# {{ cookiecutter.project_slug }} analysis

Welcome to the collaboration!

Some of the steps you follow in this analysis are taken from the [Ballet Contributor Guide](https://hdi-project.github.io/ballet/contributor_guide.html), make sure to consult it for more information.

In [None]:
# some preliminaries...
from ballet.util.log import enable as enable_logger
enable_logger('ballet')
enable_logger('{{ cookiecutter.package_slug }}')
import pandas as pd
pd.set_option('display.max_columns', None)
import matplotlib.pyplot as plt
import seaborn as sns
sns.set()

In [None]:
from ballet import b

## Explore the data

In [None]:
X_df, y_df = b.api.load_data()

In [None]:
X_df.head()

In [None]:
y_df.head()

## Explore existing features

In [None]:
result = b.api.engineer_features(X_df, y_df)
X_train, y_train = result.X, result.y

In [None]:
print('Number of existing features: ', len(result.features))
print('Number of columns in feature matrix: ', X_train.shape[1])

## Write a new feature

Now it's time to write your own feature!

🚧 The content of the cell must be a standalone Python module, as it will be placed in an empty Python source file when it is submitted. This means that any imports or helper functions must be defined (or re-defined) within this cell, otherwise your submitted feature will fail to validate due to missing imports/helpers. 🚧 For example, if you use some functionality from numpy, then you must (re)import numpy within the code cell, even if you imported it elsewhere in the notebook.

If you have questions about feature engineering, see the [Feature Engineering Guide](https://hdi-project.github.io/ballet/feature_engineering_guide.html).

In [None]:
from ballet import Feature

input = None  # TODO - str or list of str
transformer = None  # TODO - function, transformer-like, or list thereof
name = None  # TODO - str
feature = Feature(input, transformer, name)

Let's play around with the feature we have created... what values does it extract?

In [None]:
feature_values = feature.as_feature_engineering_pipeline().fit_transform(X_df, y_df)
feature_values

## Test your feature

You probably want to make sure that your feature does not have bugs before you submit it to the upstream project.

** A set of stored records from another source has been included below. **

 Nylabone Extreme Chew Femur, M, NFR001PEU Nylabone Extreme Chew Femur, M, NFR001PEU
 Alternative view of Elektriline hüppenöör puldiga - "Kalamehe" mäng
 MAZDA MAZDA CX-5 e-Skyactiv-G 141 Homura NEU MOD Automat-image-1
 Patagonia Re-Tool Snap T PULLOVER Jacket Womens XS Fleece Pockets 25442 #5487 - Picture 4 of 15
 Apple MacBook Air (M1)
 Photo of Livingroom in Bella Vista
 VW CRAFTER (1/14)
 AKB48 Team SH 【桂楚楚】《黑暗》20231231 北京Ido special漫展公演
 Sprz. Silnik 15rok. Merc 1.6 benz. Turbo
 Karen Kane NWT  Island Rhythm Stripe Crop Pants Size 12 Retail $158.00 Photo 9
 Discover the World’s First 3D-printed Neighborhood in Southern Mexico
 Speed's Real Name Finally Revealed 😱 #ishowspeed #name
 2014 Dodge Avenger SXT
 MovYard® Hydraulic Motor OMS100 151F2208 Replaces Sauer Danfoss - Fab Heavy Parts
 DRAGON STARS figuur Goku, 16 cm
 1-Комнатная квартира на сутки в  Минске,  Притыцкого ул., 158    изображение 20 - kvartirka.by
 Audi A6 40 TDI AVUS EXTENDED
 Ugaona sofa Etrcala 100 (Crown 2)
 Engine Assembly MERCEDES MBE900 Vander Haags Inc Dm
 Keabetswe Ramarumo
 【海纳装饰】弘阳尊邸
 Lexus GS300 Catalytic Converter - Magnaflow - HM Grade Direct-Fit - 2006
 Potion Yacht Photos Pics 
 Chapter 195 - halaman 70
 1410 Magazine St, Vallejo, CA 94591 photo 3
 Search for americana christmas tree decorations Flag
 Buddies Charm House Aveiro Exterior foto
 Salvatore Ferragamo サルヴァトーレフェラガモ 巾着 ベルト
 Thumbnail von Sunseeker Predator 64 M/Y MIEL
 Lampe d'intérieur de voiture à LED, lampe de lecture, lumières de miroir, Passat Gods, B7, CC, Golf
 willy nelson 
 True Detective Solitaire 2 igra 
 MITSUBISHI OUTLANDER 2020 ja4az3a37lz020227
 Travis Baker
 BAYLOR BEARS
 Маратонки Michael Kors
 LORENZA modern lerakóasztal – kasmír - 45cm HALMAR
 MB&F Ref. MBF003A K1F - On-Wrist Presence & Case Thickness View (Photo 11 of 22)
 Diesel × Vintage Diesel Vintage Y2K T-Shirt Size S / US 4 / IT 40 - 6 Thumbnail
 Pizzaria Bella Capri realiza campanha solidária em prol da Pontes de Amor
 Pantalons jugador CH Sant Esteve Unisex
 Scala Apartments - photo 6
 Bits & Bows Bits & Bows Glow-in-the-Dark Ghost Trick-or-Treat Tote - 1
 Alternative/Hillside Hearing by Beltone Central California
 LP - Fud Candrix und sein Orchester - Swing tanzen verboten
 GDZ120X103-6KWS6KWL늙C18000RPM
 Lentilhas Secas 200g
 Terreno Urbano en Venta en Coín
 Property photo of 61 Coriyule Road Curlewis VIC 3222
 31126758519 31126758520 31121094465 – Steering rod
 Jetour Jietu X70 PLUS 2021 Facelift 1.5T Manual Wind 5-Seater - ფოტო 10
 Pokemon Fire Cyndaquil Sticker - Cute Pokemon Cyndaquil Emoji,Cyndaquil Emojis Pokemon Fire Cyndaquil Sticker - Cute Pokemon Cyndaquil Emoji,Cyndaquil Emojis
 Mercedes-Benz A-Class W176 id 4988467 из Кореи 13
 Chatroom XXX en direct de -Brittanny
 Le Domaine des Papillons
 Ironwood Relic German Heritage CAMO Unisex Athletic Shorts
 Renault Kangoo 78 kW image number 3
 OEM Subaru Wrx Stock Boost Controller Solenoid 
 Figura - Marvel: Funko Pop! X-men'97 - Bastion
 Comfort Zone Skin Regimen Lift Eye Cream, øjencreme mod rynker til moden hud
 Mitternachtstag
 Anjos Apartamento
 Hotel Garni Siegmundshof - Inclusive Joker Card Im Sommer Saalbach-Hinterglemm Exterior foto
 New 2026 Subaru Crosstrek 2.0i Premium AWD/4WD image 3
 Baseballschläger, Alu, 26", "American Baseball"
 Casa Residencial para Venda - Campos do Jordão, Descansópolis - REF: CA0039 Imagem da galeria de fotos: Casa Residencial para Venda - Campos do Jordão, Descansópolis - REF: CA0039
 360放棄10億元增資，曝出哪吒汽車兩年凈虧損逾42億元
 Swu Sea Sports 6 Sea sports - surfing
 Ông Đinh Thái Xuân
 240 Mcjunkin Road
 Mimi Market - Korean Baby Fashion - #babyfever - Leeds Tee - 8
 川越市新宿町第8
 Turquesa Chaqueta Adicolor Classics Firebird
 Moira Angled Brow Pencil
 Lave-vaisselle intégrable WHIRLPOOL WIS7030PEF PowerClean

This first command will check that your feature conforms to the feature API. (Assumes you have assigned your feature to a variable `feature`.) Even if your feature passes the tests here in the notebook, it may still fail to be validated, especially if you have not included all your imports/helpers in the code cell that you submit.

In [None]:
b.validate_feature_api(feature)

This second command will evaluate the ML performance of your feature. (Assumes you have assigned your feature to a variable feature.) Usually, this consists of computing the mutual information of your feature values with the target, conditional on the feature values extracted by the existing feature engineering pipeline. If this is above a certain threshold, your feature is determined to be contributing positively to the ML performance of the project. In this Demo, since we want to be nice to new collaborators, each and every feature will be accepted with respect to ML performance!

In [None]:
b.validate_feature_acceptance(feature)

## Submit your feature

When you are ready to submit your feature, look for the "Submit" button in the right of your notebook toolbar. First, select the code cell that contains the feature you have written (you will have to scroll up). Then press the submit button, confirming that the feature code shown is what you want to submit. After submission, you will be shown a URL that takes you to the corresponding Pull Request that has been created.

When you submit your feature, the source code you have written is extracted from the selected code cell. It is then sent to a app which does the job of structuring your feature as a pull request to the {{ cookiecutter.github_owner }}/{{ cookiecutter.project_slug }}, which it opens on your behalf. The pull request is validated by Travis CI, a continuous integration service, using the test suite defined by the ballet framework, testing the feature's API and running a streaming logical feature selection (SLFS) algorithm. If the feature is accepted, the GitHub app ballet-bot responds by automatically merging the pull request into the project. Otherwise, it automatically closes it. Similarly, after an accepted feature is merged, the CI service runs another ballet-defined script to prune redundant features using the same SLFS algorithm.

## Thanks for contributing

If you're reading this, you have already done some great data science work and contributed one (or more!) features to the upstream {{ cookiecutter.project_slug }} project.